> **PROBLEM REQUIREMENTS**
Once the images are removed, set down everything else in the listing below exactly.

[DATA EXTRACT Boundary: Start]

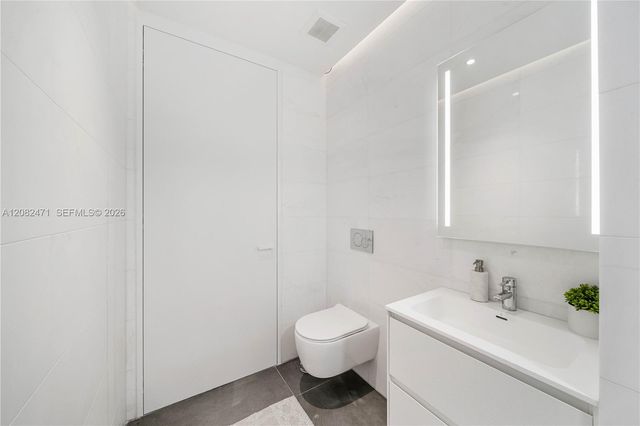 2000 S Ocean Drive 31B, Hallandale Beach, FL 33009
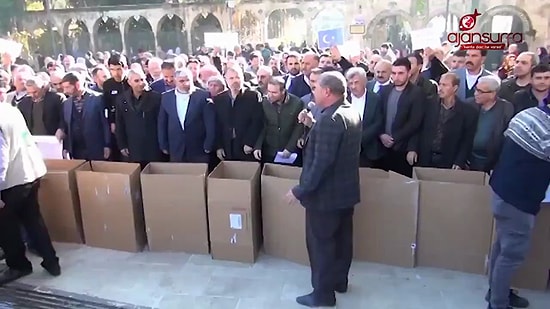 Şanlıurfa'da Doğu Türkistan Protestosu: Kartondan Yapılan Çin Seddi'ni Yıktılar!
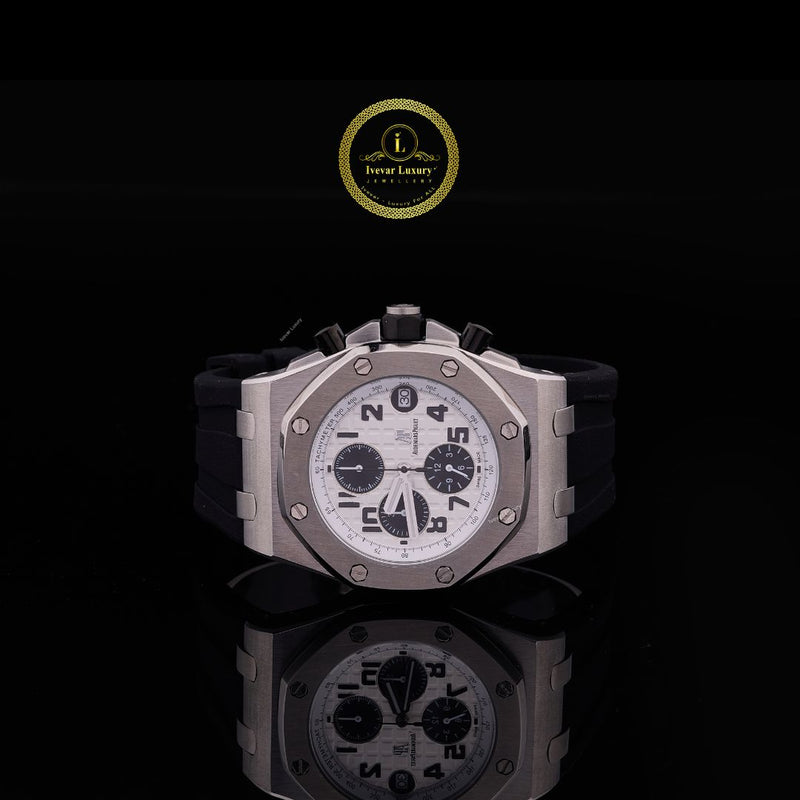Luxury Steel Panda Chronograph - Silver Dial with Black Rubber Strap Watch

[DATA EXTRACT Boundary: End]

> **ANSWER TO THIS PROBLEM**
 2000 S Ocean Drive 31B, Hallandale Beach, FL 33009
 Şanlıurfa'da Doğu Türkistan Protestosu: Kartondan Yapılan Çin Seddi'ni Yıktılar!
Luxury Steel Panda Chronograph - Silver Dial with Black Rubber Strap Watch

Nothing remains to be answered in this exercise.